Cela ne signifie pas que nous exigions que tous les produits culturels nous soient accessibles sans frais, même si quand nous créons quelque chose, nous avons pris l’habitude de simplement et naturellement le diffuser. Nous comprenons que la créativité demande toujours des efforts et de l’investissement, et ce malgré la démocratisation des techniques de montage audio ou vidéo. Nous sommes prêts à payer, mais les énormes commissions que les distributeurs et intermédiaires demandent nous semblent de toute évidence exagérées. Pourquoi devrions-nous payer pour la distribution d’une information qui peut facilement et parfaitement être copiée sans aucune perte de qualité par rapport à l’original qui n’est en rien altéré par l’opération ? Si nous ne faisons que transmettre l’information, nous voulons que le prix en soit adapté.

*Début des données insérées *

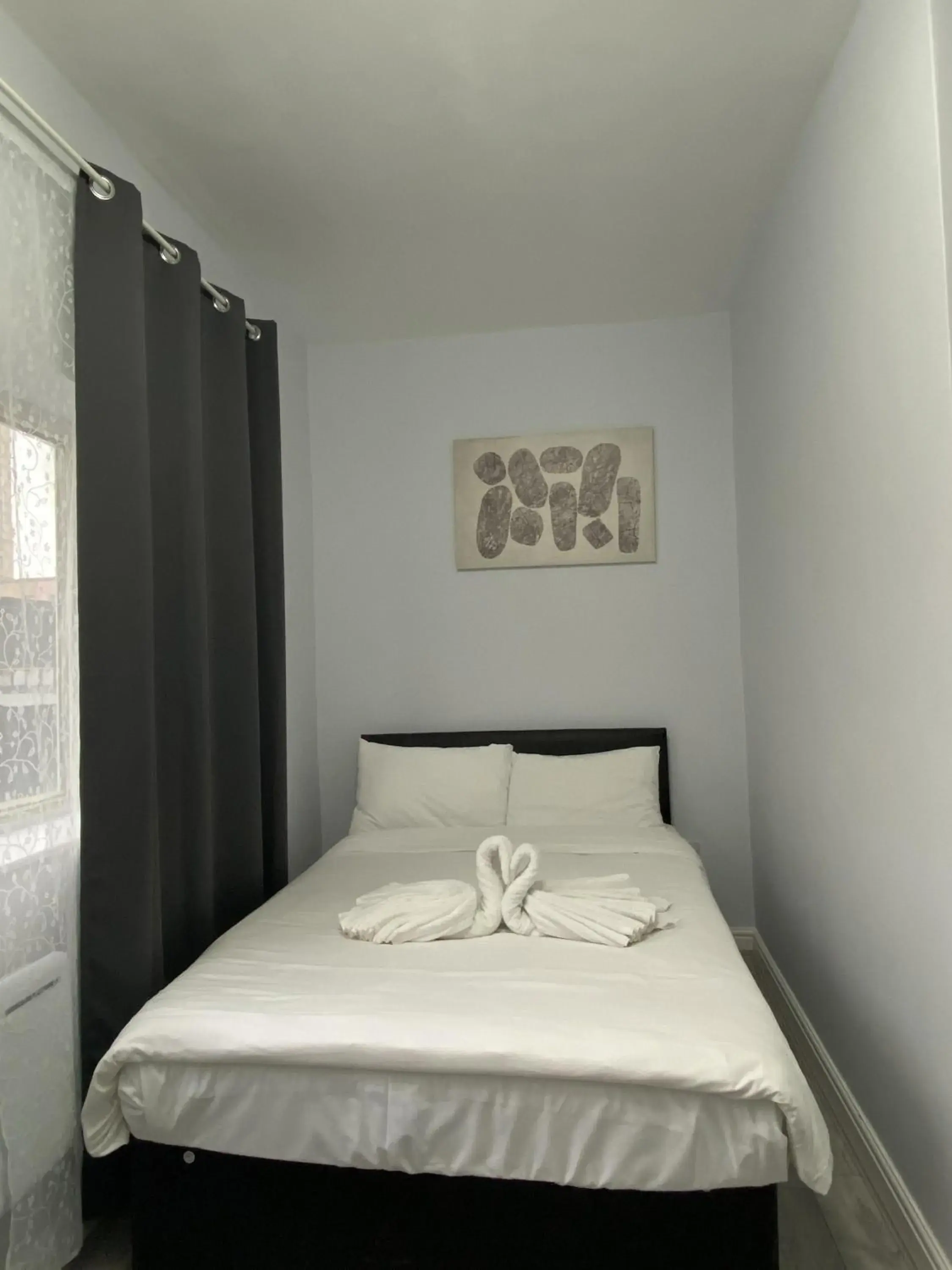 Other, Bed in Citymax Aldgate Studios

Nous sommes prêts à payer plus, mais nous attendons en échange une valeur ajoutée : un emballage intéressant, un gadget, une meilleure qualité, la possibilité de regarder ici et maintenant, sans devoir attendre que le fichier soit téléchargé. Nous pouvons faire preuve de reconnaissance et nous voulons récompenser le créateur (depuis que l’argent a arrêté d’être sur papier pour devenir une suite de chiffres sur un écran, le paiement est devenu un acte d’échange symbolique qui suppose un bénéfice des deux cotés), mais les objectifs de vente des grandes sociétés ne nous intéressent pas pour autant. Ce n’est pas notre faute si leur activité n’a plus de sens sous sa forme traditionnelle, et qu’au lieu d’accepter le défi en essayant de proposer quelque chose de plus que nous ne pouvons pas obtenir gratuitement, ils ont décidé de défendre un modèle obsolète.

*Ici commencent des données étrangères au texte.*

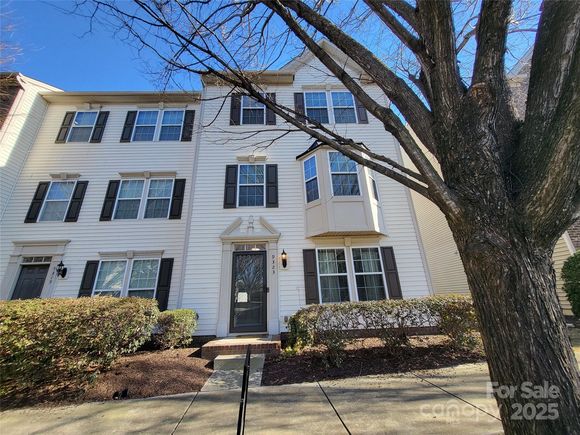 9323 Lenox Pointe Drive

Encore une chose. Nous ne voulons pas payer pour nos souvenirs. Les films qui nous rappellent notre enfance, la musique qui nous a accompagnés dix ans plus tôt. Dans une mémoire mise en réseau, ce ne sont plus que des souvenirs. Les rappeler, les échanger, les remixer, c’est pour nous aussi naturel que pour vous les souvenirs du film Casablanca. Nous trouvons en ligne les films que nous regardions enfants et nous les montrons à nos propres enfants, tout comme vous nous racontiez les histoires du Petit chaperon rouge ou de Boucle d’Or. Pouvez-vous vous imaginer que quelqu’un vous poursuive pour cela en justice ? Nous non plus.

Troisièmement

Nous avons l’habitude de payer automatiquement nos factures du moment que le solde de notre compte le permet. Nous savons que pour ouvrir un compte en banque ou changer d’opérateur téléphonique il suffit de remplir un formulaire en ligne et signer une autorisation livrée par la poste. Nous sommes capables d’organiser de longs voyages en Europe en à peine 2 heures. En tant qu’administrés nous sommes de plus en plus dérangés par les interfaces archaïques. Nous ne comprenons pas pourquoi, pour nos impôts par exemple, nous devrions remplir plusieurs formulaires papiers où le plus gros peut comporter plus de cent questions. Nous ne comprenons pas pourquoi nous devons justifier d’un domicile fixe (il est absurde de devoir en avoir un) avant de pouvoir entreprendre d’autres démarches, comme si les administrations ne pouvaient pas régler ces choses sans que nous devions intervenir.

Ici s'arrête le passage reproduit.